The “inclusive, interdisciplinary vision of ethical inquiry that characterizes the Centre for Ethics,” says Dubber, a vision rooted in the conviction that “ethics” does not reside exclusively in the domain of any particular discipline, lent itself to the establishment of such a series simultaneously broad in scope and focused in the questions it pursues. As such, the series, uniquely, will continue to develop under the auspices of the Centre, whose various projects and events will serve as a forum for the ideas that it might explore. Already under contract is The Ethics of Racial Humor, by Syracuse University’s Luvell Anderson, with additional projects in various stages of development. Readers might look forward to fresh takes on the ethics of sport, for example, or be nudged down less-explored corridors of thought on the ethics of apology.

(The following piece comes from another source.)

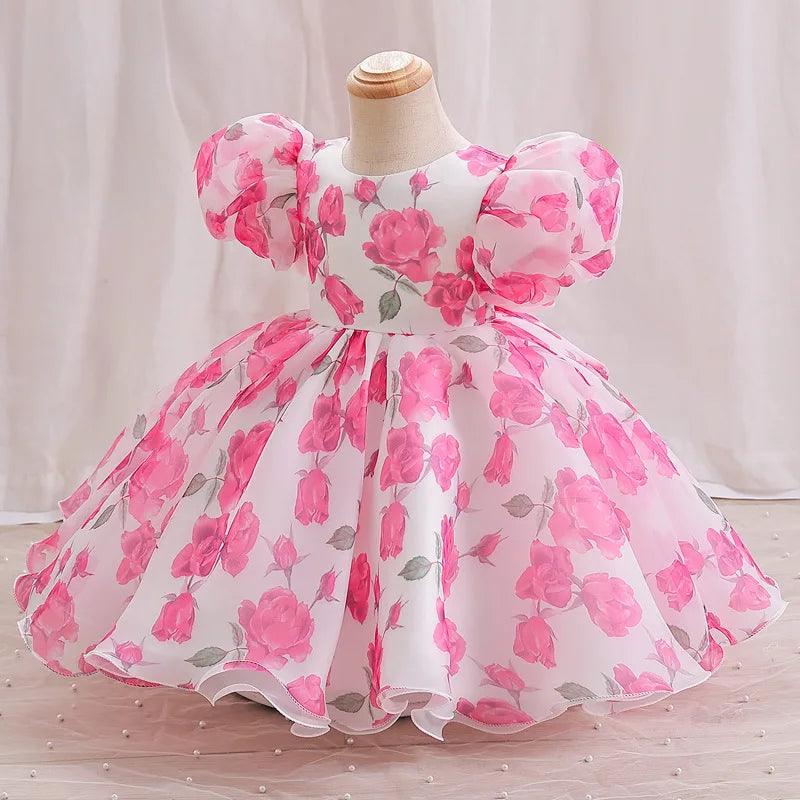 Rosablle Puff Sleeve Floral Dress | Baby Dress For Wedding - i-diya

When asked whether he thinks that such relatively short, less specialized works represent the future of scholarly publishing, Dubber responds with a resounding no: “I don’t think more accessible forms of scholarship will—or should—replace other types of scholarship. I do think that, as scholars, especially at public universities, we should ask ourselves to what extent we can bring our experience, expertise, and resources to bear on issues of public significance,” an objective he hopes both the Ethics in Context series and the Centre for Ethics itself facilitate.
Writing at the Intersection of Scholarship and Public Discourse
And what about writing at the interstices of scholarship and public discourse? Does Kingwell, no stranger to the territory, follow any specific rules here? Because his volume inaugurated the series, thereby “offering a sort of keynote,” he says, he strove for an “effective middle voice” that would meet OUP’s rigorous peer-review standards while retaining appeal for a non-professional readership. “This book,” he claims, “felt more like an advanced seminar with smart people from various disciplines, plus some auditors. You can’t take anything for granted, so no exclusionary jargon or inside terminology allowed; but the material has to be meaty enough to reward serious interest.”
Above all, however, the most basic rule of good writing applied: clarity. Firm in his belief that “good writing is an essential part of good thinking,” Kingwell aims for “lucidity first, and then maybe some degree of elegance on good days” to make “every sentence an argument, every clause a plea for understanding.” And, yes, that involves good basic grammar and lots of reading (often fiction, in his case) for a “sense of what language can accomplish.” Oh, and: “avoid adverbs.”
It might be time for a walk. We think Mark Kingwell would make for an excellent strolling companion.